Shares in the group fell from 177.5p to 92.5p, wiping pounds 73m from the market value, now pounds 77m. Last summer the shares reached a peak of 621.5p.
The plunge was caused by pre-tax profits down from pounds 21.1m in 1997 to pounds 13.6m before exceptionals. Analysts expected flat profits of at least pounds 21m.
Colin Glass, chief executive, said the group had expanded too quickly. He said he was self-critical about internal controls that had not been good enough.
AllDays, formerly known as Watson & Phillips, has grown rapidly, adding 200 stores last year to bring the total to 959. The growth was made possible by a system of separately managed regional franchises with discretion over buying decisions.
Mr Glass said there had been too many layers of management, allowing regional managers to make ill-judged purchases. Last year some made speculative decisions to buy CDs and other goods that sold poorly.

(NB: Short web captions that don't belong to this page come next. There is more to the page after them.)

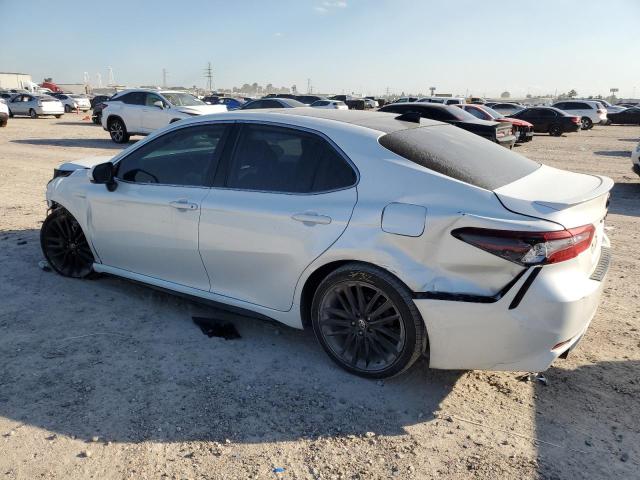 Image 2 of 2021 TOYOTA CAMRY XSE 2021 with VIN 4T1K61AK5MU521738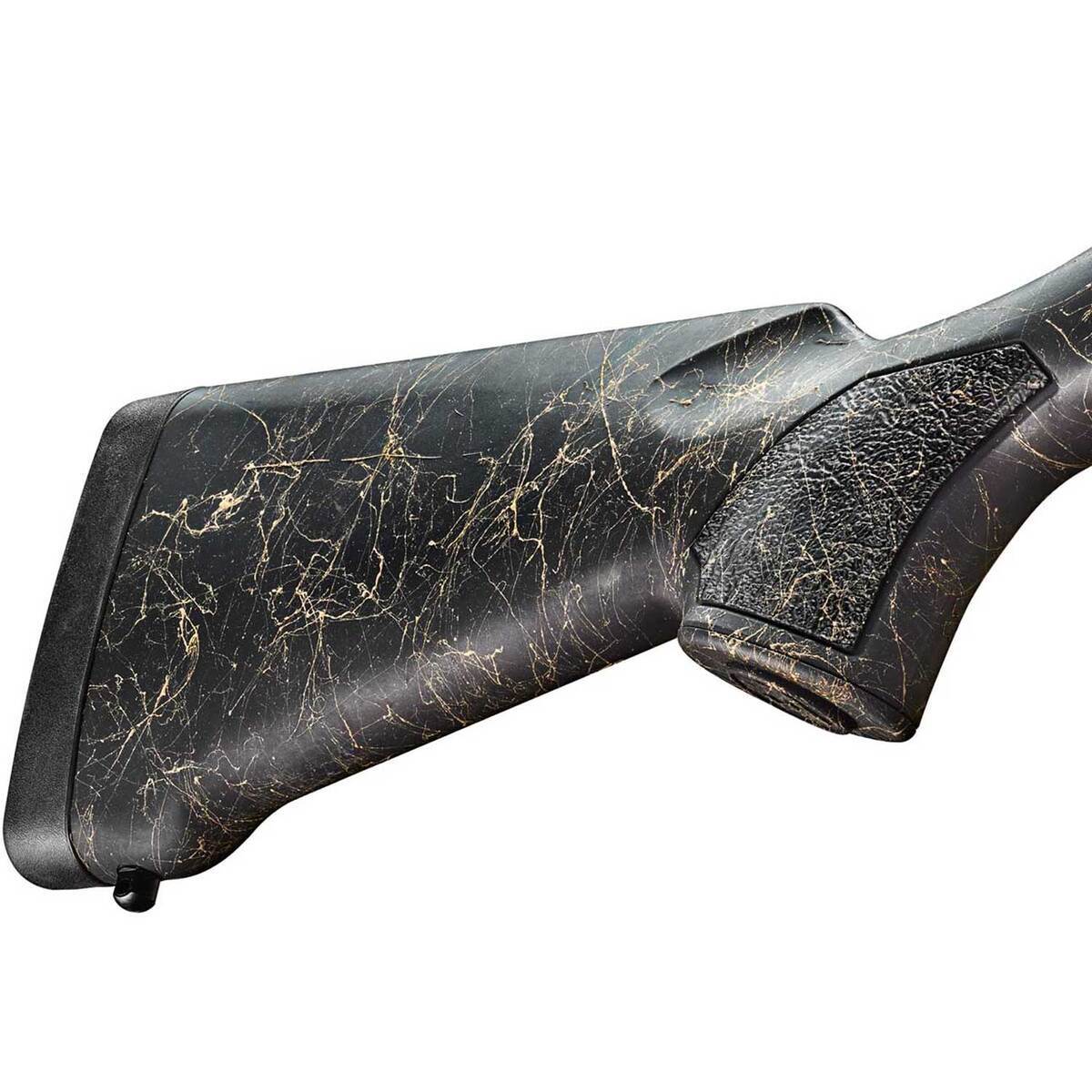 Bergara Stoke 223 Remington Graphite Black Cerakote Compact Bolt Action ...
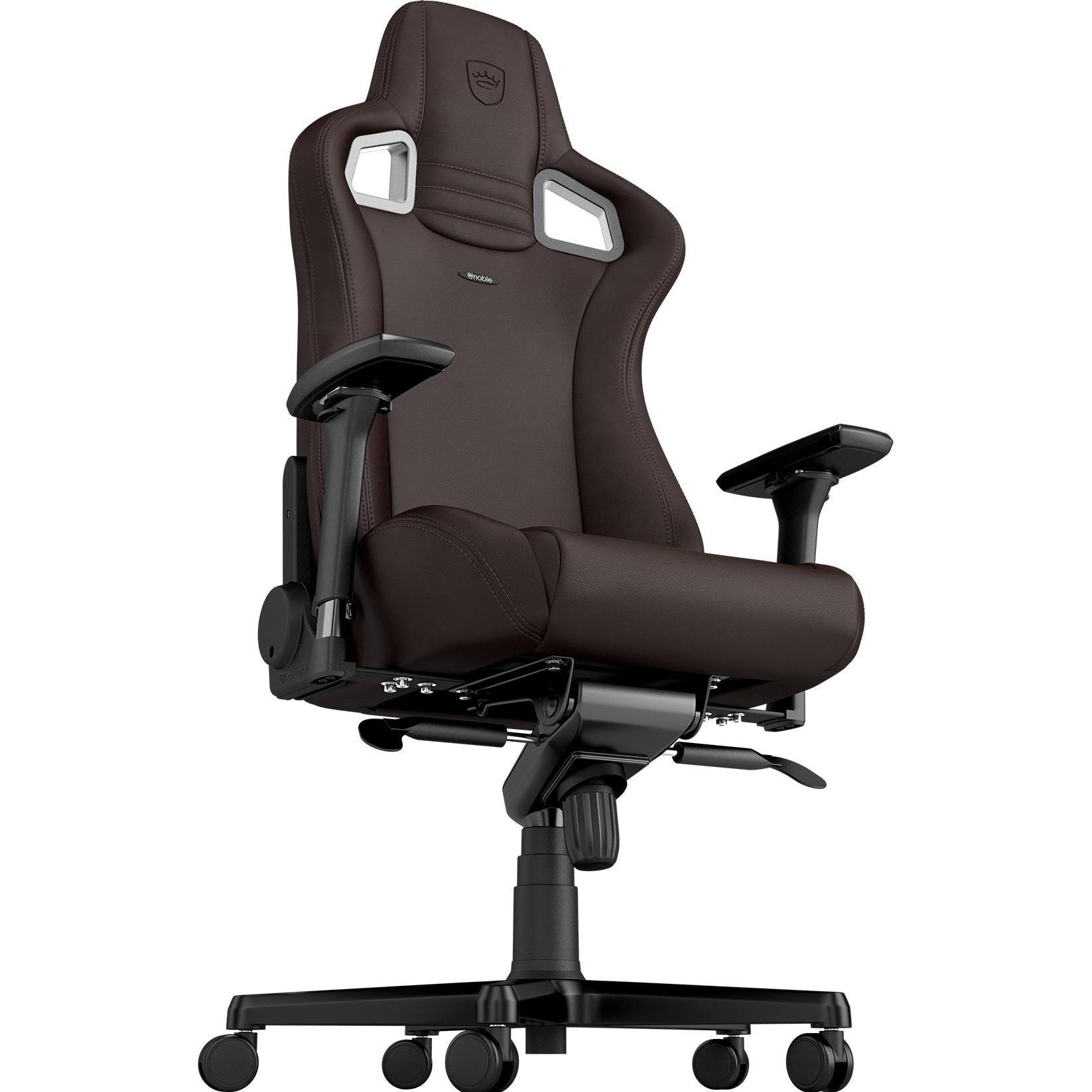 noblechairs EPIC - Java Edition, Gaming Stuhl, Braun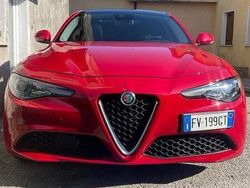 Rosso Usata 2019 Alfa Romeo Giulia Tech Edition Tre volumi | 24.500 € (Buon prezzo)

Excluding asset disposals, only 1 of 32 regional franchises made profits in 1998.
Regional managers struck deals with suppliers offering upfront incentives on equipment such as photocopiers, which they planned to book as profits this year. Instead the central management decided to spread them over three years, pushing down profits this year.
The group was hit by poor weather. Convenience stores rely on high-margin products such as soft drinks and ice cream. Industry observers believe the poor 1998 summer was the least profitable on record.
The group changed its name to Alldays last year and disposed of W&P, its food service business, nearly halving its stock market value. David Saunders, head of the retail business, left last year and Mr Glass took hands-on control.
Alldays yesterday announced a major restructuring that will depress profits in the year ahead. Regional franchises that do not perform will be bought in to reduce overheads. The group has appointed Stuart Lawson, a former director of Burger King, as finance director.
Dresdner Kleinwort Benson, broker to AllDays, predicts flat profits in the year ahead, with dividends staying at 12p, down from 18.8p a year ago. David Stoddart of Henderson Crosthwaite said the shares were unlikely to attract much interest in the near future.